Note: I make no investment recommendations in my blog. Please do not claim to invest in any security based on what you read here. You should make your own decisions in that regard. FINRA makes people take a test to ensure they know what they are doing before recommending securities. I'm sure that strategy works well.


  1. Hi Jeff: could I please get a copy of the 78 stocks list ?
    It feels like the '90s again, re:the urge to merge in bank land.......
    and hope the Caps enjoy their summer w/ the Cup !
    I'm Rob at
    mucho gracias !

  2. Good afternoon,

    Would appreciate opportunity to review the 78 bank spreadsheet:

    Your post was mentioned on the Timyan twitter feed:

    "I must admit I tended to discount the smaller financial institutions because of their low trading volumes and inefficient valuations.
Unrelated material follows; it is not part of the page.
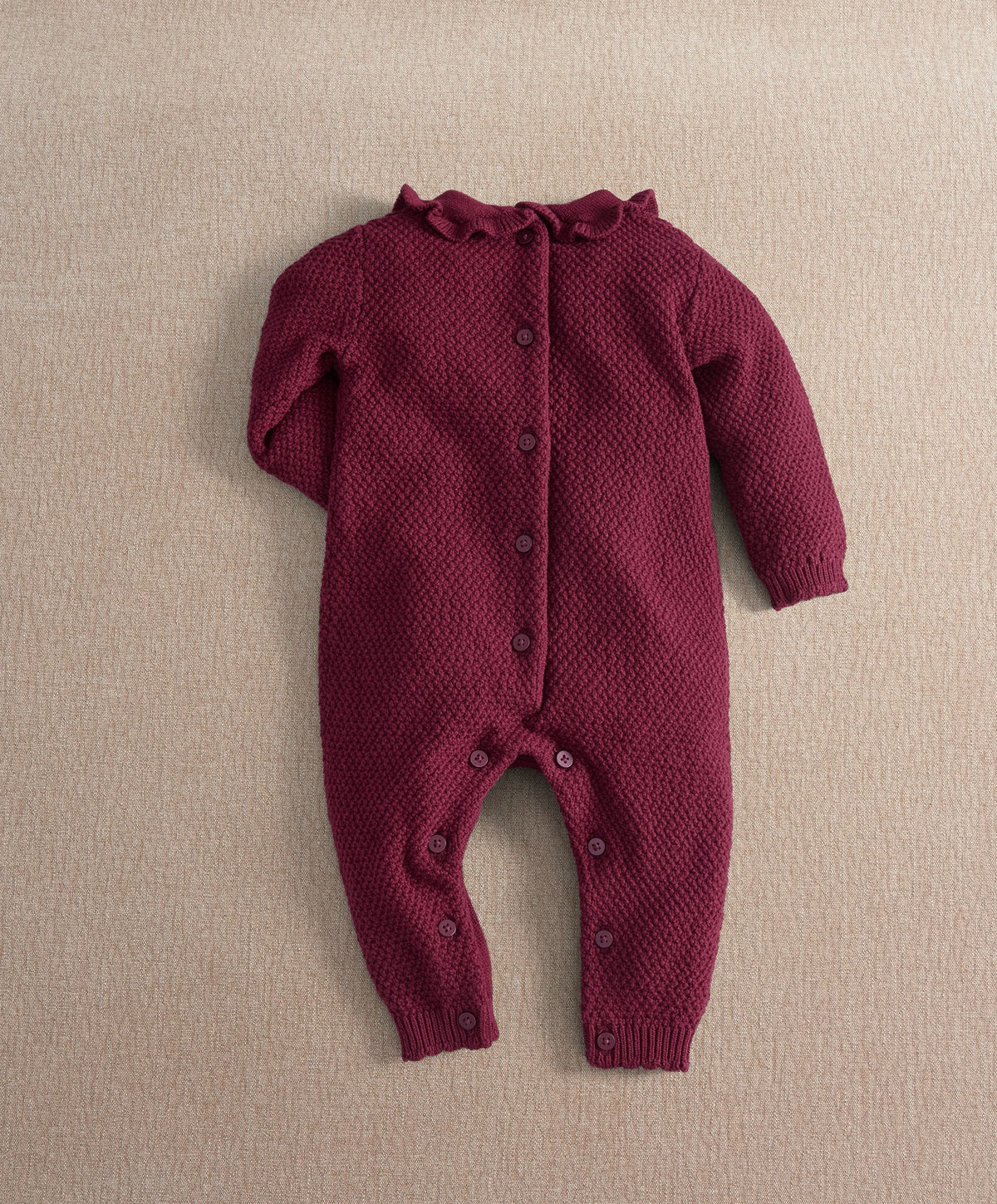 Floral Embroidery Detail Knitted Romper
Personal bias, I know. My apologies to Metro Phoenix Bank ($181 million in assets, 1.88%/11.83% ROA/ROE)."

    FSDK - listed as one of the top 5, yet traded less than 2K shares over past 9+ months

    MCB growth may be due to serving as depository behind virtual currency brokers. Believe there is also some Taxi Medallion risk.

    SBT heavy in mortgage recently went public (capitalizing on peak valuation?) and trading at about 2.5x tangible book. Branches scatter throughout the country - unsure whether befitting of what might be thought of as 'regional-organic' growth. Homestreet cutting back on its mortgage arm - will be interesting to see how SBT fares this quarter.

    IIBK is one have tended to avoid - significant family ownership.

    Would be interesting to ask Boenning & Scat for their definition of 'Superior Growth Prospects'. Yours indicated organic growth to which banks focused on 'roll-up' strategies were discounted (eliminated from consideration). Would be interesting to see a screen of growth-through-mergers culled for 'acquirers of choice'. Certainly, CARO would make the list (from the moment it went public) or SMBK which has been picking up steam in its TN,AL,FL footprint.

    If the full spreadsheet is also available (including those institutions which have grown through mergers/acquisitions), would be interested to review.

    Online lenders are tearing up the landscape and definition of growth.

    For example, if you listen to a Live Oak (LOK) conference call (or transcript on SeekingAlpha), will find they onboard/draw/manage over 1+ billion in deposits (MMDA) with just 6 employees. Not only that, but host their software through Amazon Web Services (AWS Cloud) at an expense of around $100K(?) per quarter where they had been spending $6M per year for data center.

    It isn't only the large institutions flocking to raise deposits nationally. For example, Riverview Bank (small family owned bank in Wisconsin) which put up their online "Incredible Bank" - drawing down 2B(?) in online MMDA deposits which they then lend out through businesses that sell RVs - providing financing.

    Live Oak (on the other hand) uses their deposits to make SBA loans targeting specific niches through online platform. Sporting insane growth & selling off portfolios of loans per quarter. Live Oak's SBA NPA rose last quarter to around 1.7%, yet those are backed by SBA such that their NPA is effectively less than 0.5%

    LOK may look appealing although they back a great many FinTech start-ups through their venture capital subsidiary potentially not terribly appealing to traditional bank investor.

    KBW published a research report last night on deposits ~ screening for banks are at greatest risk for earnings shortfalls due to climbing interest rates. That is, those banks with high loan-to-deposit ratios that may be facing severely compressed NIM.



    1. The "Balance" column is the only column where I didn't select institutions because they were small and low trading volumes. All of the other four columns were numbers based. No judgement other than to find the highest asset growth rate without acquisition.

      Each bank should be evaluated on its individual merits. But in terms of the criteria that Boenning used, there ya have it.

      I e-mailed you the list.

      Thank you for reading and your excellent comment.

      ~ Jeff

  3. can you send a copy to plz thank you!